■ WHAT THE TASK REQUIRES ■
Pictures stay out; please output the remaining data exactly.

■ PROVIDED INFORMATION ■

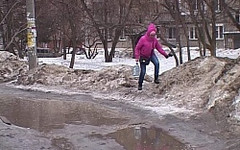 Мэрия Кирова потребовала от УК осушить «озёра» во дворах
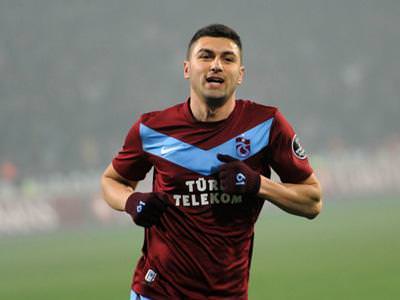 Burak Yılmaz Ada yolcusu!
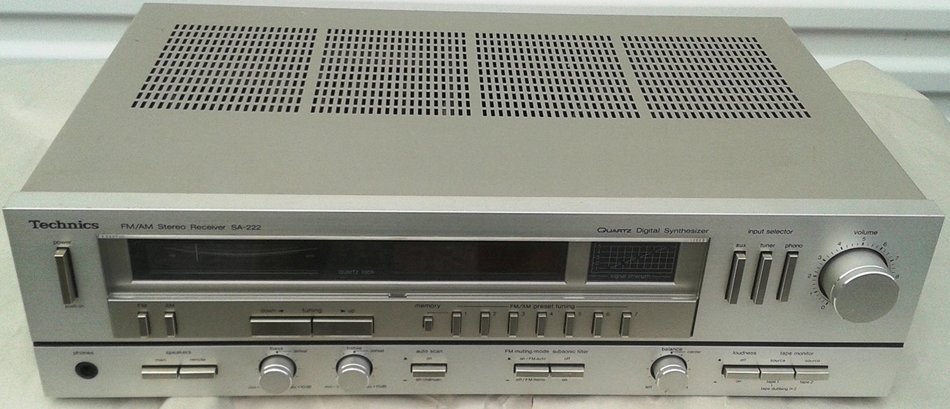 Vintage Technics SA-222 FM/AM Stereo Receiver With Built In Quartz Digital Synthesizer & RARE Battery Back Up... N3
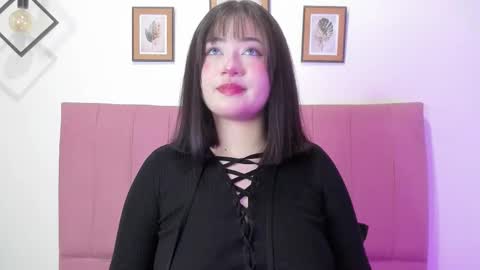 Sofia online show from November 2025 04:00:02 AM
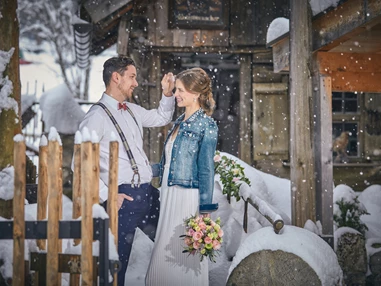 Hochzeitslocation: Hochzeit im historischen Gasthof Schleifmühle Unterammergau mit Museum
Marc Gilsdorf Alpenwedding Fotografie
Hochzeitsplanung 4 weddings & events - Schleifmühle Unterammergau
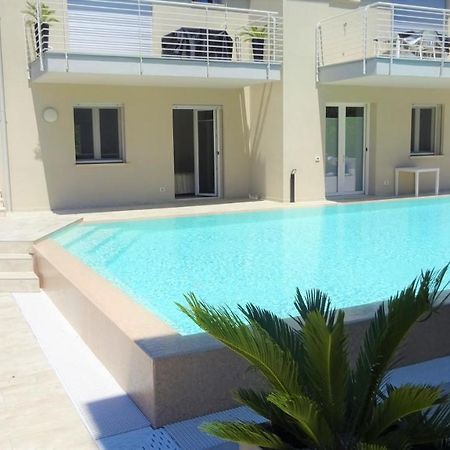 Holiday House Al Porto View Lake ペスキエーラ・デル・ガルダ エクステリア 写真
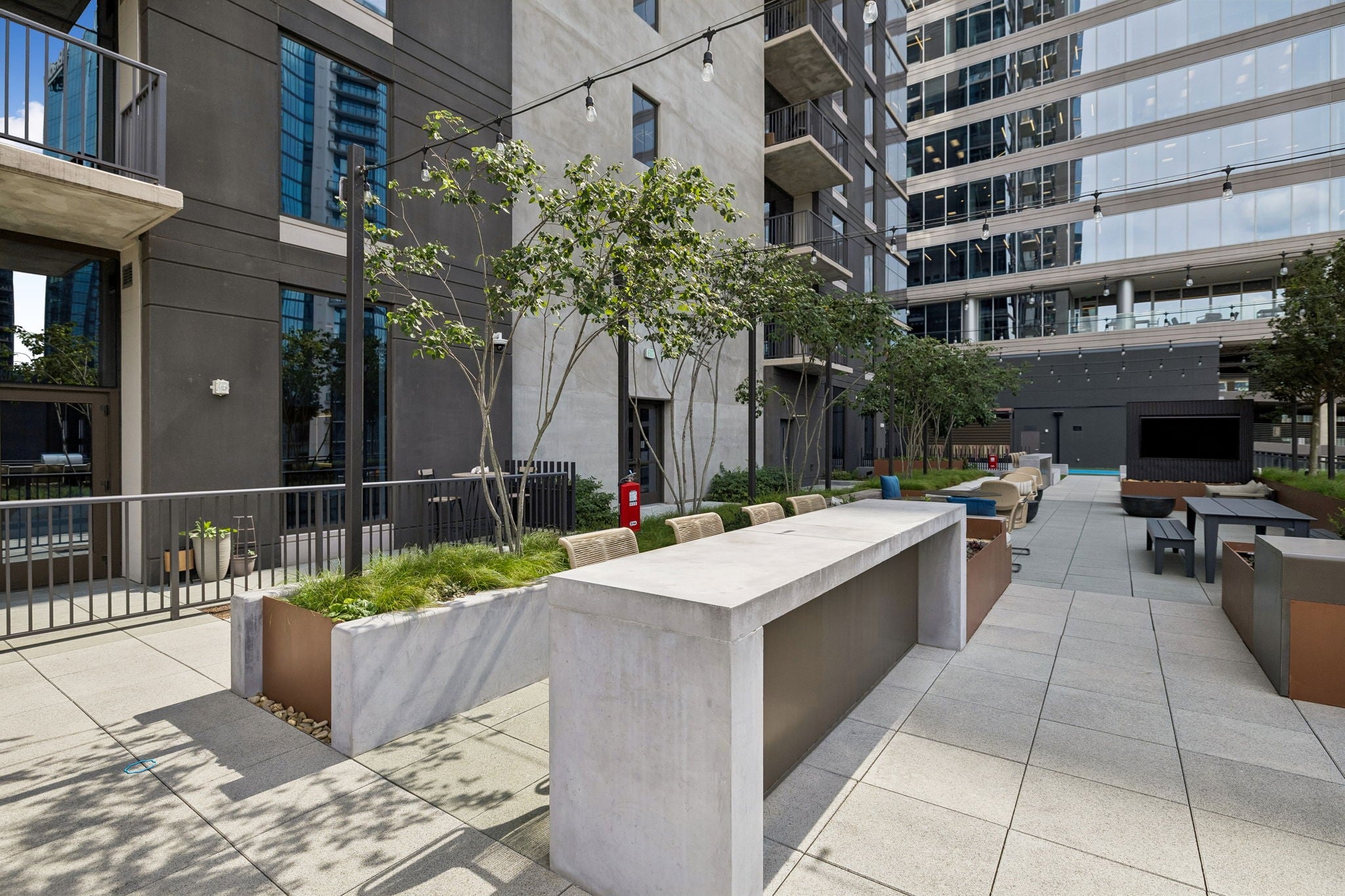 1212 Demonbreun St #607 Nashville, TN 37203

■ ANSWER BELOW ■
 Мэрия Кирова потребовала от УК осушить «озёра» во дворах
 Burak Yılmaz Ada yolcusu!
 Vintage Technics SA-222 FM/AM Stereo Receiver With Built In Quartz Digital Synthesizer & RARE Battery Back Up... N3
 Sofia online show from November 2025 04:00:02 AM
 Hochzeitslocation: Hochzeit im historischen Gasthof Schleifmühle Unterammergau mit Museum
Marc Gilsdorf Alpenwedding Fotografie
Hochzeitsplanung 4 weddings & events - Schleifmühle Unterammergau
 Holiday House Al Porto View Lake ペスキエーラ・デル・ガルダ エクステリア 写真
 1212 Demonbreun St #607 Nashville, TN 37203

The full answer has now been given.